Friday, December 19, 2008

r = x + y

r = x + y

r = research
x = depth in existing knowledge
y = new knowledge

Waiting until mastering all existing knowledge on a subject before creating new knowledge is probably going to miss the train. Creating new knowledge without mastering existing knowledge is probably going to result in duplicate efforts and to lack depth. The challenge is to find the right balance!

(The equation is extracted from here)

A community index of programming languages

You can find this index here. It is based on search hits from popular search engines. So, it may not necessarily indicate if the language in question is the best or the most widely used. However, it gives some indication of the current trend based on the assumption that higher the search hits, the higher the popularity. Like Google Flu Trend (although it is based on the frequency of search key words), they need to have a clever way of handling false positives in order to give an objective confidence value of the stats. (As pointed out, how do you differentiate between "Basic Programming" and "Basic Programming with Java"?) They only seem to have a manual approach for this which could be tedious, time-consuming and error prone. I think a key reason for false positives is current mainstream search engines are unable to perform context-aware search (for example, if major search engines could answer "current top five programming languages" accurately, the problem could have been trivial) (to my knowledge, context-aware search technologies have yet come out of research labs). Absent of such capabilities, I am sure there should be research work in IR (Information Retrieval) and DM (Data Mining) to attack such problems and automate the task. Off the top of my head, I think we may be able to adapt something similar to Association Rules mining; once we get the search hit list, we can find the support for each language under consideration and then calculate the confidence using those support values.

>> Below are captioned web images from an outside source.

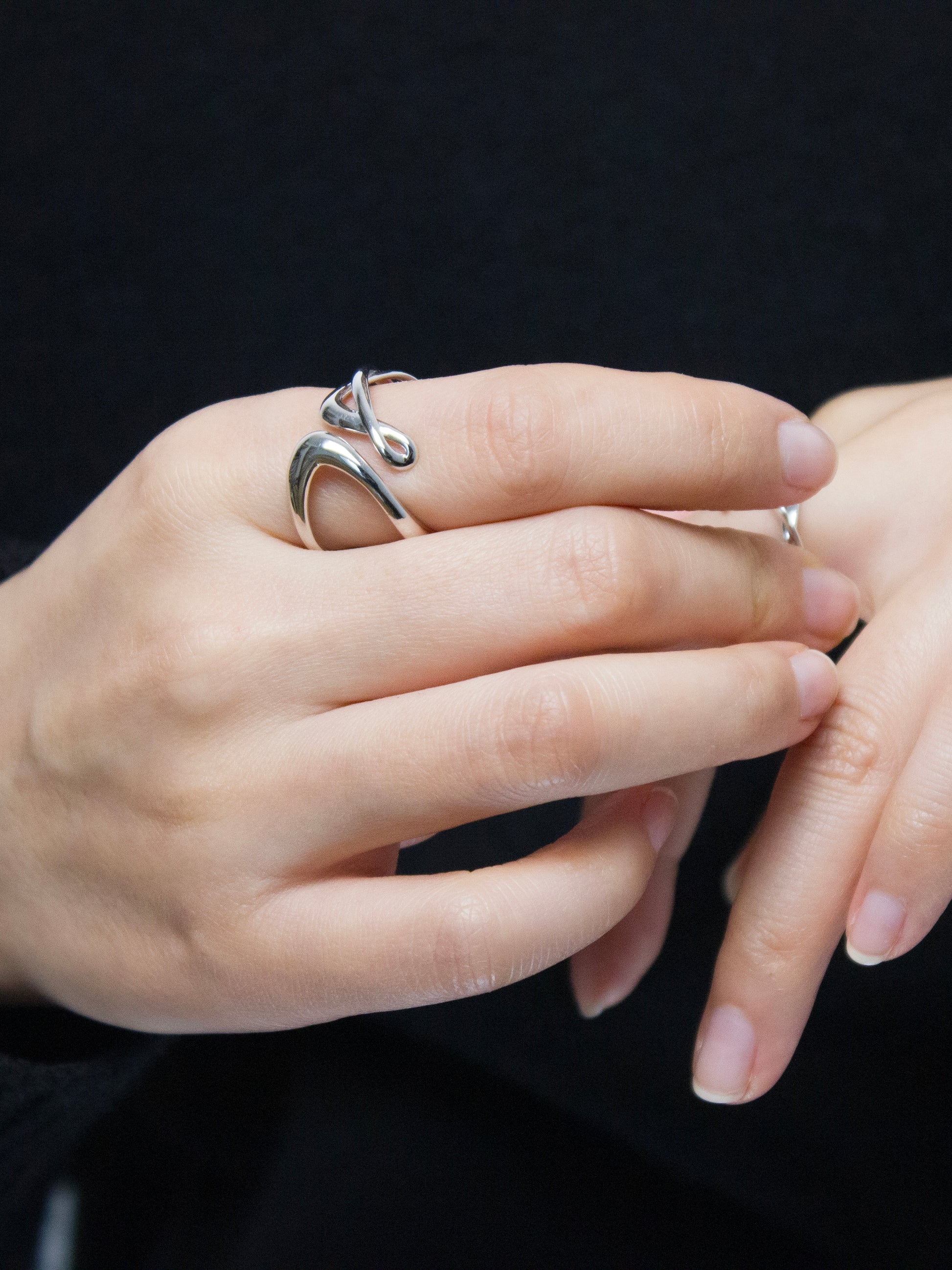 nood Leap Ring, a sculptural silver ring with lifted flowing curves, designed through 3D modeling and cast in metal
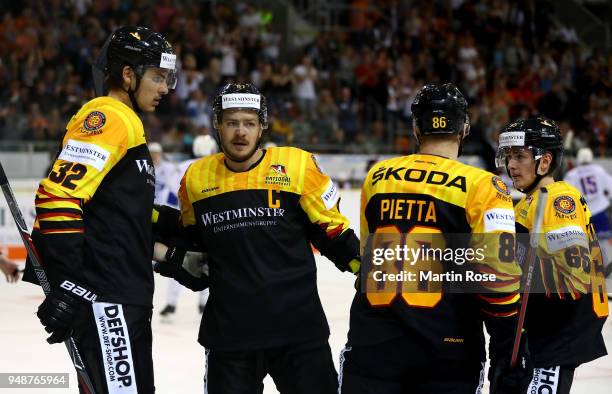 Oliver Mebus of Germany celebrate with his team mate after he scores the opening goal during the Icehockey International Friendly match between...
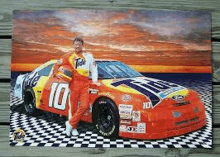 a man standing next to a race car that has the number 10 on it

Even if the false positives are minimized, does this index really give a measure of popularity? I think the answer is quite subjective. There may be articles criticizing one language or the other. Some languages could be so easy to use that there is no need for extensive tutorials, references, etc. They may need to take some of the following matrices to device a better index:

-what languages companies use
-tooling and other support (libraries, etc.) available for languages (both commercial and free - should there be a trend based on whether those are commercial or free, it needs to considered as well)
-what current open/closed code bases use and their sizes, and better yet the growth factor
-giving different weights to blog entries, forum messages, normal articles, tutorials, etc.
-making the search outcome time sensitive
-and so on.

Provided that we have an accurate index, how could this be useful? For different stakeholders, it may be good a decision point. For example, if you are company developing software, you may want to make sure that you select mainstream languages with the hope that you won't be short of human resources and you'll have guaranteed support and tooling available. If you're a tool developer, both upward and downward trends could create opportunities for you; with upward trend, you'll have a larger market to target at. If a language shows a downward trend, you may want to analyze if it is due to some gap such as lack of tooling support, and fill the gap.